If you're Mack Brown, the same conflict between the current regime and its planned future one that made nearly every "coach-in-waiting" scheme over the past few years an overhyped failure. A "re-energized" Brown spoke on that topic and several others at a press conference yesterday, saying:
"The coach-in-waiting sends a message that I'm not in it for long," said Brown, whose contract runs through Dec. 31, 2016. "That's a bad message. That's not what we did it for. Now that Will [Muschamp]'s taken the Florida job, that question is out of the mix for the future ...Given how angry 'Horns backers became having to "put up with" Brown's 2010 effort (which he also took the time to blame on a massive 2009-induced hangover ), he may have wanted to have phrased that differently. But the point is the same: the 59-year-old Brown isn't planning on going anywhere, and clearly the "coach-in-waiting" method of gently nudging him towards the door is no longer an option.

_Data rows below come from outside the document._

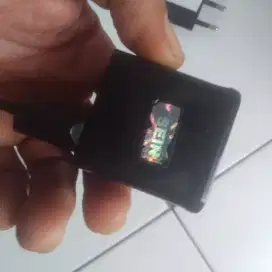 Batok kepala charger Samsung ori cabutan A10. Normal cek sepuasnya
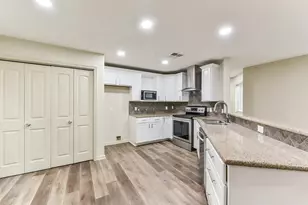 3816 Brandt St, Houston, TX 77006 - Photo 14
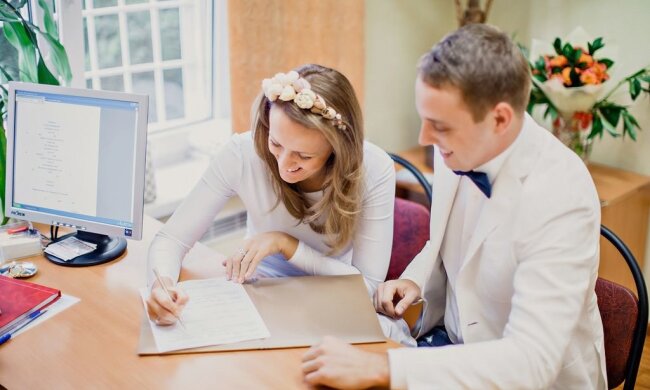 Подання заяви на одруження. Фото: Decorexpro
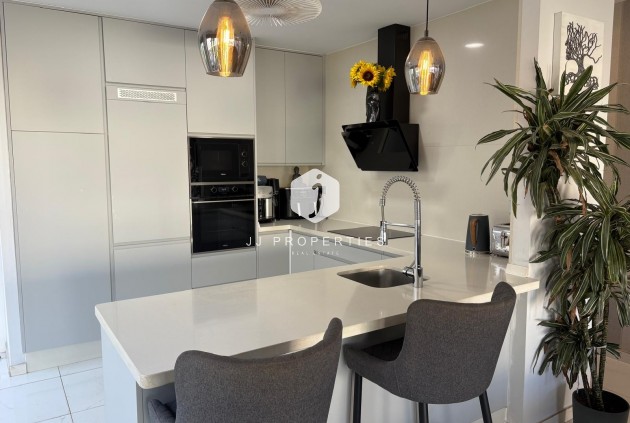 Aus zweiter Hand - Villa -
Orihuela Costa - Costa Blanca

"I wouldn't be working this hard on recruiting and coaching if I wasn't in it for a long time ... Texas fans are going to have to put up with me for a long time."
Assuming Brown's near-total overhaul of the Texas coaching staff (and the 'Horns hungover attitude) pays dividends, that's probably good news for the fans in Austin. If not -- if 2011 and 2012 are anything at all like 2010 -- he may find there's a coach out there waiting after all, even if he's not on the Texas payroll.